• _SOURCE DATA_:

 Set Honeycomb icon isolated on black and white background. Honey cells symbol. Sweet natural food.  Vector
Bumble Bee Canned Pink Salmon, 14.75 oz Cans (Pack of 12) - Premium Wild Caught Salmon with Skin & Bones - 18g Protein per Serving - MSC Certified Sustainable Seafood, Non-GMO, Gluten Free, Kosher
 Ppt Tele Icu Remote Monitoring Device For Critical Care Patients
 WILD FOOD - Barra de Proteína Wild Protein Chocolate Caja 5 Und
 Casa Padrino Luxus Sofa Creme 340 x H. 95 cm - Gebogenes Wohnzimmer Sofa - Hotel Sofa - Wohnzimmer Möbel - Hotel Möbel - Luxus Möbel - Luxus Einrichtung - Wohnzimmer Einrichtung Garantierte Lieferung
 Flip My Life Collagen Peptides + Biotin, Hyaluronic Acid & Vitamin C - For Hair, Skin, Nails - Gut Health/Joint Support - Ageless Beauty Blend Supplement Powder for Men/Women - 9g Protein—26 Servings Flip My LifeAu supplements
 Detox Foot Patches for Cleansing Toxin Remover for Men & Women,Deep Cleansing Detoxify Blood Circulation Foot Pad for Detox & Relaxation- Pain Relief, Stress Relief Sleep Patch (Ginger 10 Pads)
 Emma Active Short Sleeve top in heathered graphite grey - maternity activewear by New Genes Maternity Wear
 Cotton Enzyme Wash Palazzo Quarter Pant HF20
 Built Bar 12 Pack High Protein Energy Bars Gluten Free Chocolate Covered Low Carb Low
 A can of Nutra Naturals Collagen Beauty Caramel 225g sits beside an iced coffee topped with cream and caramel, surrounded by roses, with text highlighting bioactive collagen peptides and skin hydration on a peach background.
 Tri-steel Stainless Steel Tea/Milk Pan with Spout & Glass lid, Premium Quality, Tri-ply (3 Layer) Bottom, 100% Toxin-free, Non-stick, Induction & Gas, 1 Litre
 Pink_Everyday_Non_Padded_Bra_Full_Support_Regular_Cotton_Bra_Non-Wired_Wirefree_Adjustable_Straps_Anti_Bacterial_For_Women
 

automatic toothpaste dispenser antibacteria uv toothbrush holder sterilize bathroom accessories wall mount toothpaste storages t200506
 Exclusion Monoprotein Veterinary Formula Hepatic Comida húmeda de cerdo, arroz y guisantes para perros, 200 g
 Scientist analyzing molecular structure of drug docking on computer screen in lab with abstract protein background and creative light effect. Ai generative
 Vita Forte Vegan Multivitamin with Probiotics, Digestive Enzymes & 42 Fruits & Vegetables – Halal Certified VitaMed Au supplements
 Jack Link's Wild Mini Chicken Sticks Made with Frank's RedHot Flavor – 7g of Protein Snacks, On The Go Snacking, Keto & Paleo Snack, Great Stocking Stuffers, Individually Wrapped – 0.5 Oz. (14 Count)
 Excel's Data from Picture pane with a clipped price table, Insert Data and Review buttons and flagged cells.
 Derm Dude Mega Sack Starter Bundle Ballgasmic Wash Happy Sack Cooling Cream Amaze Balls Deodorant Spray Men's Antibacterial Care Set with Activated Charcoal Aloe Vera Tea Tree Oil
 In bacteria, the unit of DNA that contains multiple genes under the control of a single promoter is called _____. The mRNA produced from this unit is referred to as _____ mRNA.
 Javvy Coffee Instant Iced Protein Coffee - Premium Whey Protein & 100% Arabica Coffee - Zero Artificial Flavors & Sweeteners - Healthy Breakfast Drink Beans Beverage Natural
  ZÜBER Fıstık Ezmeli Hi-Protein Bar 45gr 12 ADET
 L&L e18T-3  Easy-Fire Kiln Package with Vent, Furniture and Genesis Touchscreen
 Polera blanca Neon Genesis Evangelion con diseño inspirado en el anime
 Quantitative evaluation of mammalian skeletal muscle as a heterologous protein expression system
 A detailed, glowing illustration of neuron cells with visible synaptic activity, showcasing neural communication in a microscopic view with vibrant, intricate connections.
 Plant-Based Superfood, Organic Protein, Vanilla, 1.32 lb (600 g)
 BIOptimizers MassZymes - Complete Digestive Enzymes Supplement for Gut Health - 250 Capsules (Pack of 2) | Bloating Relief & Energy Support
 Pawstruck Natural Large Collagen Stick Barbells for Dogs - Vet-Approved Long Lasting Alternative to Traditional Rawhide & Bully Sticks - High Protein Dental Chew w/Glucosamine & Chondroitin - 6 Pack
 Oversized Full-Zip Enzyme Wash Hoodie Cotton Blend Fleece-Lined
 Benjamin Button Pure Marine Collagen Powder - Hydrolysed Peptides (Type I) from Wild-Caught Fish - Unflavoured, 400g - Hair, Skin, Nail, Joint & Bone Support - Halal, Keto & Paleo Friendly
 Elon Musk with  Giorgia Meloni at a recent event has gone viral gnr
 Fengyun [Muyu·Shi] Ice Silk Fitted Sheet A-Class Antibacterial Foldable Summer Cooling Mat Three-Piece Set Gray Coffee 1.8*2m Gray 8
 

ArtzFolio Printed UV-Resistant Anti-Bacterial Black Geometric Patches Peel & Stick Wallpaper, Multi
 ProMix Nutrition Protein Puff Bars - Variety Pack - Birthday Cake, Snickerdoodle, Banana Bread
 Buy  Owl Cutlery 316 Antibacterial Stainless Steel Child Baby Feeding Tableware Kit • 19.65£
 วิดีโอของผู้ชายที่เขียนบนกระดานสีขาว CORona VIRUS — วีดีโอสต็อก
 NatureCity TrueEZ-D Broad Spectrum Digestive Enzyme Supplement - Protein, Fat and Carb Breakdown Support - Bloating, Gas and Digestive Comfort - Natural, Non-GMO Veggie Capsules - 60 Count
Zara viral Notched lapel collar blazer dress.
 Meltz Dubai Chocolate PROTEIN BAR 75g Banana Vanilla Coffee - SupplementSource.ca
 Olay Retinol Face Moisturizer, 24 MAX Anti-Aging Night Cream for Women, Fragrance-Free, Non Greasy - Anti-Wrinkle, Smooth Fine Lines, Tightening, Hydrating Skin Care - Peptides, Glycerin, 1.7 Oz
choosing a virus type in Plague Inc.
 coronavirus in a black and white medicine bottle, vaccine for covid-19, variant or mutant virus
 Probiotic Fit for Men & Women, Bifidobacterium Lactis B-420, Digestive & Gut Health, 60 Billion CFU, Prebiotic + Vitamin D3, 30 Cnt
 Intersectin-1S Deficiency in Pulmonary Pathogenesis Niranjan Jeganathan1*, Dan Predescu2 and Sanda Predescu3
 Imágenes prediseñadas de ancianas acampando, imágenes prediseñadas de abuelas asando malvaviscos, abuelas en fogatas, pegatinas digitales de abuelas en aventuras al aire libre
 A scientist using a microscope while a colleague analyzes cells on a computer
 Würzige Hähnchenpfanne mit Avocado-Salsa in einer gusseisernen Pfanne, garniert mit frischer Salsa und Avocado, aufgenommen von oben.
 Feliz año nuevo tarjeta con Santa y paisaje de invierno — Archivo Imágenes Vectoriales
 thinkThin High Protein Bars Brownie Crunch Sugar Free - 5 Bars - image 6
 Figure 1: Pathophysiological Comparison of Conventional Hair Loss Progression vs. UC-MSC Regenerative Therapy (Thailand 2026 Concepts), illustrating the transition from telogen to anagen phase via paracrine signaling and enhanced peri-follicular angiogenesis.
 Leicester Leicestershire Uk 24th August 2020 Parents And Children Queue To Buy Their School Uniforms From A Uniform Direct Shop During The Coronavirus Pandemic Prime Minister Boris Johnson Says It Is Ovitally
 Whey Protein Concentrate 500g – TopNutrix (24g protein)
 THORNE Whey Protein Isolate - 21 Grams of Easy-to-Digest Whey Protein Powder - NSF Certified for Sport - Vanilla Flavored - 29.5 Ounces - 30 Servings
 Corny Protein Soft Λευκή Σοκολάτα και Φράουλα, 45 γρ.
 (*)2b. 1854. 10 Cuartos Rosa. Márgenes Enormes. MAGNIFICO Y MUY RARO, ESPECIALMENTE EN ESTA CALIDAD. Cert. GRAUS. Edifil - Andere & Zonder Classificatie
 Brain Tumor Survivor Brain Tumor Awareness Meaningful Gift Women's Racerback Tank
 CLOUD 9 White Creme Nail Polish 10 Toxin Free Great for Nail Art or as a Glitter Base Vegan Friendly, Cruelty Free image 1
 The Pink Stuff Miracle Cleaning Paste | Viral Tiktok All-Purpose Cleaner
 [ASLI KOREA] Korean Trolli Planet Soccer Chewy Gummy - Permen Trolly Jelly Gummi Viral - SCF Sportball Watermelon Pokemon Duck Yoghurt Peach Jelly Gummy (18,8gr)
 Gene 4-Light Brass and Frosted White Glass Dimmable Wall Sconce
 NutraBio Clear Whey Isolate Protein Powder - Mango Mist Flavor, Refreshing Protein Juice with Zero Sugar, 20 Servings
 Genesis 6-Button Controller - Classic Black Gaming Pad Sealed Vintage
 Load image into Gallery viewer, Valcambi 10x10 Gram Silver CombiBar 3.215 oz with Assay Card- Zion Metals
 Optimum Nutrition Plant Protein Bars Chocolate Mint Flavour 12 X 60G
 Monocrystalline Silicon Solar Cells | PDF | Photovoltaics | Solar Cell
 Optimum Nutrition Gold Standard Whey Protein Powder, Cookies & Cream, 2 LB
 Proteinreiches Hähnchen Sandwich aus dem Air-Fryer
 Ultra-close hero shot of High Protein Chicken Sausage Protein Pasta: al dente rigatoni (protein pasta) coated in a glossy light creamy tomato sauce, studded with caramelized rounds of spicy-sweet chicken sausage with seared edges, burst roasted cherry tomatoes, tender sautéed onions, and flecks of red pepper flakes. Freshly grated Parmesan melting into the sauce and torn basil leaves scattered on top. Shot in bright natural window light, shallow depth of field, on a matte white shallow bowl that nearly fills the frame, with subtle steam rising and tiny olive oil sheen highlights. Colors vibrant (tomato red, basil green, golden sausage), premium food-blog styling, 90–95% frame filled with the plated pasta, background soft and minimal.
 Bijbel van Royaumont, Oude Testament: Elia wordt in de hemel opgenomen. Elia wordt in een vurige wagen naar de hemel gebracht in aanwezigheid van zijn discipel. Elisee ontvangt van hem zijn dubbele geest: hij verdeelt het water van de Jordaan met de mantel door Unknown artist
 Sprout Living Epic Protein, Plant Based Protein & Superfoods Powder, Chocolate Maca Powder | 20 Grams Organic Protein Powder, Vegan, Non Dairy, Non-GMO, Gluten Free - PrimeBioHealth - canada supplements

• _WORK TO COMPLETE_: Copy the lines above exactly. Start with the line containing "Optimum Nutrition Gold", end with the line containing "Proteinreiches Hähnchen Sandwich", and include both.

• _PROBLEM SOLUTION_:
 Optimum Nutrition Gold Standard Whey Protein Powder, Cookies & Cream, 2 LB
 Proteinreiches Hähnchen Sandwich aus dem Air-Fryer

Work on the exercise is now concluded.